Du haut jusqu’en bas de l’échelle sociale, le crédit pénètre ainsi “la sphère privée et morale, impose son régime contractuel à toutes les formes d’organisation humaine, du couple jusqu’à la société globale, en passant par la cellule familiale” (357). Se développe alors une poétique du récit dont l’analyse détaillée de La Peau de Chagrin qui constitue l’un des chapitres les plus importants du livre, souligne l’intrication sémiotique entre la loi du crédit et la loi du récit (207). Comme l’écrit Péraud, le crédit devient omniprésent: son “extraordinaire plasticité explique qu’il se prête à des usages extrêmement variés” (358).
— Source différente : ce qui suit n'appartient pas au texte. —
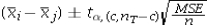 <strong>Tukey's 100(1 −α)% confidence interval for the difference between two population means μ<sub>i</sub> - μ<sub>j</sub> for unbalanced data is given by ____________________.</strong> A) B) C) D)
Il n’est plus l’apanage du banquier mais de tout un chacun dans une société où le prestige se mesure désormais à cette étrange capacité à cumuler du crédit et à s’endetter grâce à des pratiques fiduciaires abstraites et virtuelles. En se répandant, son usage se démocratise aussi et se plie autant aux besoins du grand argentier, de la jolie cocotte que du petit bourgeois économe. L’unité de La Comédie humaine, si elle existe, serait à chercher de ce côté: les milieux, les personnages, les mœurs et les diverses mentalités se souderaient les uns aux autres grâce à cette normalisation du crédit, perçu comme le nouveau “fondement anthropologique et discursif de l’échange humain” (369). Certes, la visée et l’intention des personnages s’opposent et produisent toujours des tensions insurmontables mais “ils se rencontrent autour du même objet car ils en ont tous besoin” (358). Le crédit, “c’est donc l’argent prométhéen” (358). Un livre intelligent autrement dit qui mérite l’attention autant des spécialistes de Balzac que de quiconque s’intéresse aux échanges économiques du début du XIXe siècle.